Manter o registro na FPF (Federação Paulista de Futebol) custa muito dinheiro. Apenas para validar um clube profissional, a taxa é de R$ 800 mil.
A Folha de S.Paulo tentou entrar em contato com Costa, mas ele não atendeu às ligações.
Os jogadores do Atlético Mogi não recebem salários. A expressão usada por eles para se referir ao torneio é “vitrine”. É chance de aparecer para obter outro emprego, acreditam. Salvo uma surpreendente classificação, a temporada da equipe dura dez rodadas e deve terminar em 24 de junho, de novo em Guarulhos, só que contra o Flamengo.
Eles se viram como podem. Há os que juntam dinheiro durante o ano para conseguir uma reserva financeira e ir à procura do sonho de jogar futebol profissional. Outros contam com o apoio dos pais. Thiago, o camisa 7, tem uma loja de camisas de futebol online, mantida com a namorada Nicolly.
Ela em nenhum momento se incomoda com os olhares enviesados por causa dos gritos para o atacante.
“Nossa, já arrumei tanta briga por causa dele…” afirma.
O público que vai ao estádio ver o Atlético Mogi é composto por familiares e namoradas de jogadores.
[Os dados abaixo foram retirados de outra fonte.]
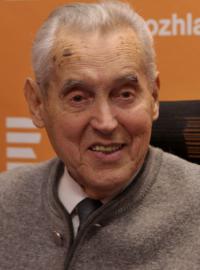 Spisovatel, bývalý politický vězeň, místopředseda Konfederace politických vězňů, předseda Klubu Milady Horákové a člen mezinárodního PEN klubu František Šedivý.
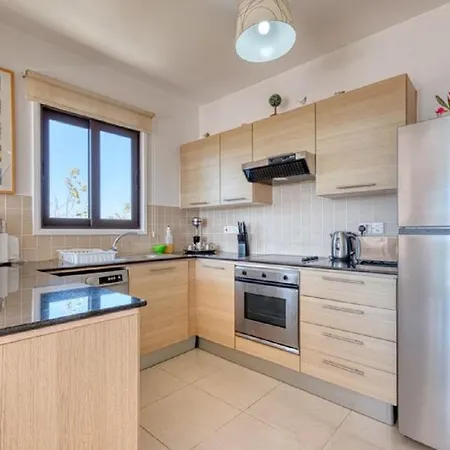 Hilltop Apartment-free Welcome Package *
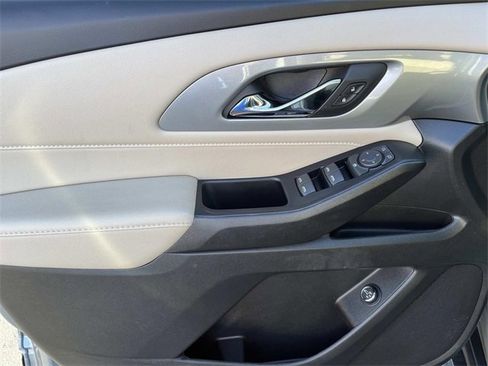 Used 2023 Chevrolet Traverse LT image 26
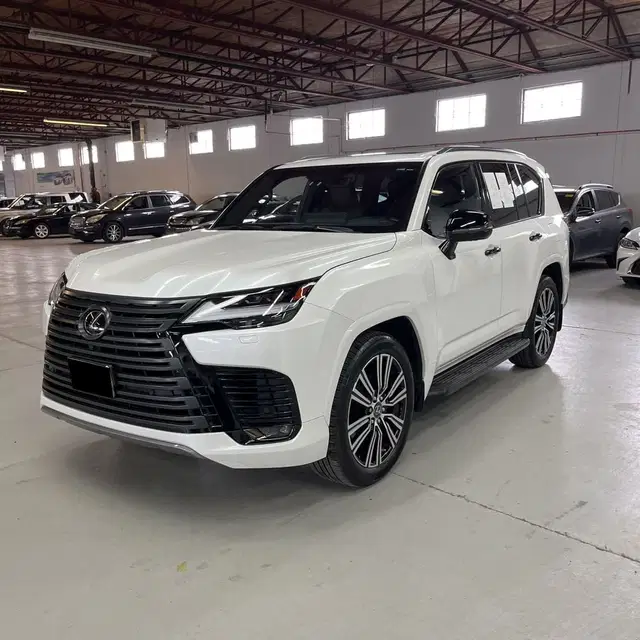 2023 Lexus LX 600 Luxury
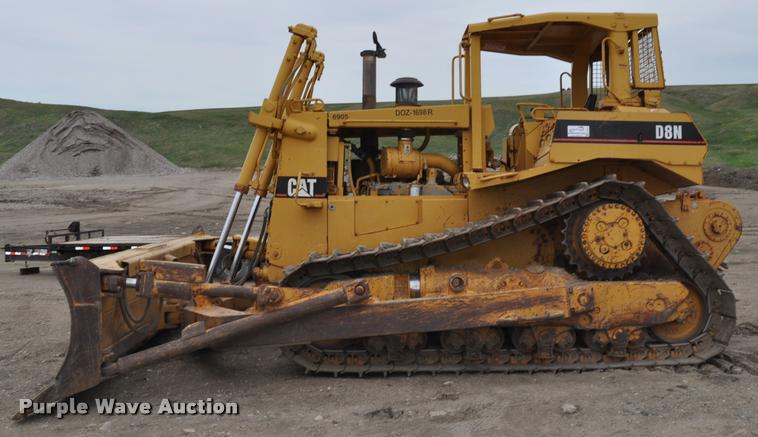 image for item K3877 1989 Caterpillar D8N dozer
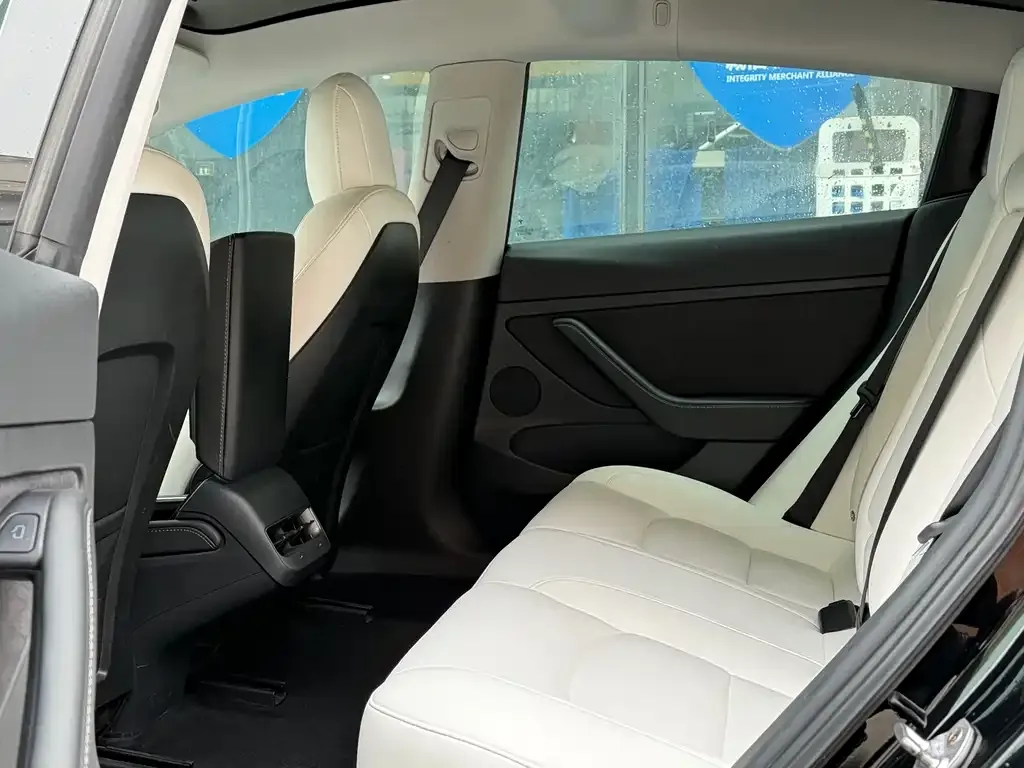 Tesla Model 3 — фото 2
São torcedores deles, não da equipe. No estacionamento do estádio, apenas um carro tem placa de Mogi das Cruzes. O elenco nem treina na cidade. Faz as atividades em um centro na Vila Mariana, zona sul da capital.
Cobrança de falta do Guarulhos contra o Atlético Mogi, na primeira rodada da quarta divisão do estado Ronny Santos/Folhapress Cobrança de falta do Guarulhos contra o Atlético Mogi, na primeira rodada da quarta divisão do estado **** O futebol não representa esperança apenas para os jogadores que atuam em uma liga que na teoria é profissional, mas não recebem um centavo. É o sonho de que tudo pode mudar de uma hora para outra, mesmo na quarta divisão do estado. Vale para quem os acompanha também. A fé de que uma vitória do Atlético Mogi pode mudá-los de patamar porque serão notícia.
“Uma vitória vai fazê-los ir do inferno para o céu. No dia da vitória, muda tudo”, acredita Ronald, pai do goleiro Tiago.
Pode ser, mas não foi no último domingo. As coisas pareciam promissoras até os 13 minutos do segundo tempo. Disciplinado taticamente, o Atlético Mogi chegou a ameaçar no ataque e segurava o empate. Mas Samuel anotou duas vezes para o Guarulhos, e o lateral Messa foi expulso. Acabou.
O segundo gol, para piorar o ânimo de Ronald, de Selene, Silas e da melhor nora do Brasil, foi com falha de Tiago. Eles ficaram impassíveis diante dos gritos de “frangueiro” da torcida local. Pouco antes, o goleiro havia evitado um gol certo do Guarulhos.
Com o tempo correndo e a derrota consolidada, os “torcedores” visitantes ficaram amuados, quase todos com o olhar no celular. Mesmo o público de Guarulhos começou a ir embora, com a certeza de que o resultado estava garantido.
A próxima rodada trará o confronto com um rival local. Em dois jogos no ano passado, o União Mogi fez 15 gols no Atlético.
O único que permaneceu animado foi o cachorro Brutus, que vive no estádio.
“Ele está assim porque tem gente pisando no gramado. Ninguém pode entrar no campo, não. Só ele”, disse funcionário do local.